A descoberta da falha
Os smartphones OnePlus, conhecidos pelo bom custo-benefício em diversos países, agora enfrentam uma polêmica séria ligada à segurança digital. A empresa de cibersegurança Rapid7 revelou uma vulnerabilidade classificada como severa que permite que aplicativos maliciosos acessem SMS e MMS sem permissão do usuário.
A falha foi identificada em versões recentes do sistema OxygenOS, utilizado pela OnePlus como interface e modificação própria do Android. O problema foi catalogado no documento CVE-2025-10184 e registrado com severidade 8,2/10, caracterizando risco alto para os consumidores.
Modelos e versões afetados
A vulnerabilidade não está presente em todos os modelos. Foram confirmados problemas em aparelhos OnePlus 8T e OnePlus 10 Pro rodando OxygenOS 12, 14 e 15. Modelos com OxygenOS 11 não foram afetados.
No entanto, como o bug atinge um componente central do sistema Android modificado pela OnePlus, pesquisadores acreditam que outros modelos da fabricante usando essas versões também podem estar expostos.
Como funciona a vulnerabilidade
De acordo com a Rapid7, a falha está ligada a modificações feitas no serviço de telefonia do Android pela OnePlus. O problema envolve permissões de gravação em provedores de conteúdo do sistema e até uma falha de injeção SQL cega no método de atualização desses provedores.
Isso significa que aplicativos de aparência comum – mas criados com más intenções – podem acessar mensagens privadas sem interação, aviso ou consentimento do dono do celular.
Na prática, criminosos poderiam roubar códigos de autenticação via SMS, mensagens pessoais e até detalhes enviados por aplicativos que ainda dependem do protocolo SMS/MMS.
Impacto para usuários
A falha representa um risco sério, especialmente porque muitos serviços bancários e contas online ainda utilizam SMS como fator de autenticação.
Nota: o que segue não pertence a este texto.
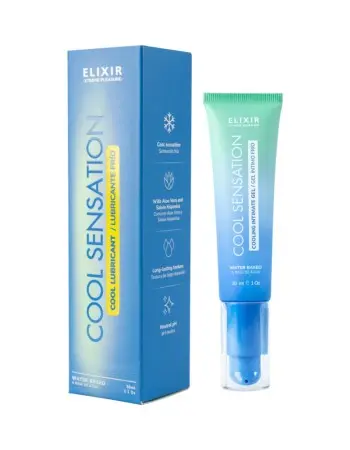 Elixir Cool Sensation Lubricant 30ml 1 Fl Oz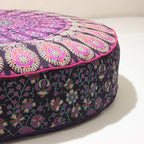 Indian Mandala Cotton Handmade Round Floor Pillow Comfortable Car Bed Sofa Decor Large Round Cushion Cover Bohemian Meditation Pillow Case Ottoman Pouf Cover Pet Dog Bed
Dessa forma, o acesso não autorizado poderia gerar fraudes, invasões e até clonagem de contas digitais.
Além das questões financeiras, essa vulnerabilidade levanta preocupações de privacidade, já que expõe trocas pessoais que deveriam estar protegidas por mecanismos de segurança modernos.
A resposta da OnePlus
A fabricante reconheceu o problema, mas anunciou que a correção só será liberada em outubro de 2025. A notícia trouxe frustração para usuários e especialistas, já que os riscos estão ativos e exploráveis até a chegada do patch de atualização.
Segundo nota oficial enviada ao site 9to5Google, a companhia está trabalhando em conjunto com parceiros de segurança para resolver a vulnerabilidade e distribuir a correção de forma global.
Como se proteger até a atualização
Enquanto a correção não chega, especialistas recomendam precauções importantes:
- Instale apenas aplicativos de fontes confiáveis, preferencialmente das lojas oficiais.
- Evite depender da autenticação de dois fatores via SMS; prefira aplicativos autenticadores ou chaves de segurança.
- Utilize aplicativos de mensagens criptografados, como Signal ou WhatsApp, para evitar possíveis interceptações.
- Mantenha o sistema operacional atualizado e verifique regularmente se o patch foi disponibilizado.
Conclusão
A vulnerabilidade no OxygenOS mostra como até marcas respeitadas podem falhar ao alterar sistemas complexos como o Android. A espera até outubro traz apreensão, mas também alerta milhões de usuários para os riscos do uso de mensagens SMS. Uma lição clara emerge: a segurança digital precisa ser prioridade em um mundo cada vez mais mobile.